→ TASK TO CARRY OUT:
Please transcribe the data exactly as shown, skipping the images.

══ DATA SEGMENT ══

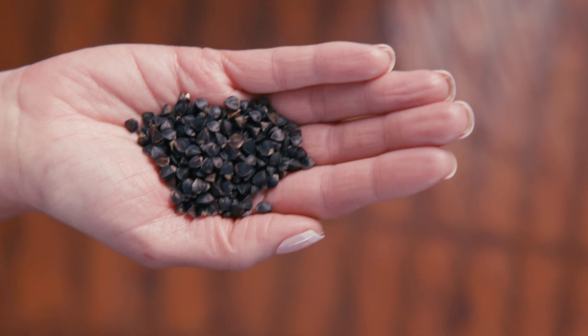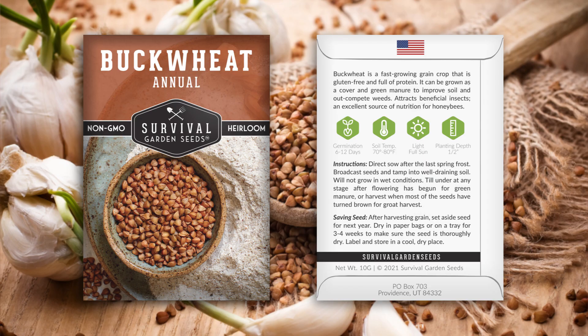Hi, Angie here with Survival Garden Seeds. Let me show you our buckwheat, also known as kasha. Let's take a look at the seeds. They come in this pretty packet. Detailed instructions are on the back for growing and seed saving.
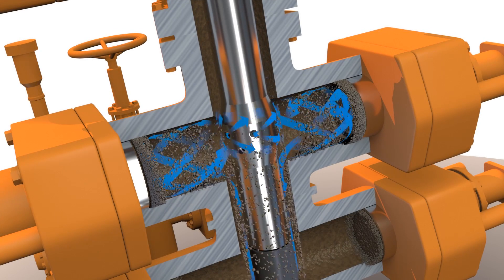Cortrax BOP cleanup. Specialist. Tailored. Seamless.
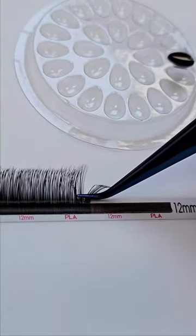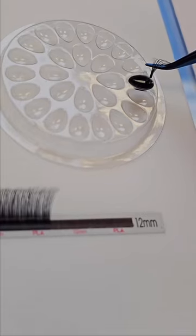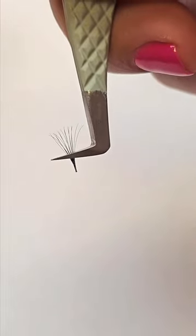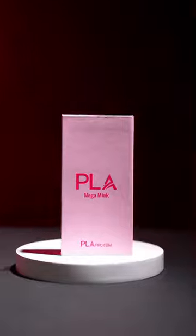Our mega mink is designed with the wiggle, pinching, or flower bouquet technique in mind. The design of the strip helps avoid a crisscross base fan when lash artists pick up the fan. Give these lashes a try and let us know what you think.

═══

→ RESPONSE BOX:
Hi, Angie here with Survival Garden Seeds. Let me show you our buckwheat, also known as kasha. Let's take a look at the seeds. They come in this pretty packet. Detailed instructions are on the back for growing and seed saving.
Cortrax BOP cleanup. Specialist. Tailored. Seamless.
Our mega mink is designed with the wiggle, pinching, or flower bouquet technique in mind. The design of the strip helps avoid a crisscross base fan when lash artists pick up the fan. Give these lashes a try and let us know what you think.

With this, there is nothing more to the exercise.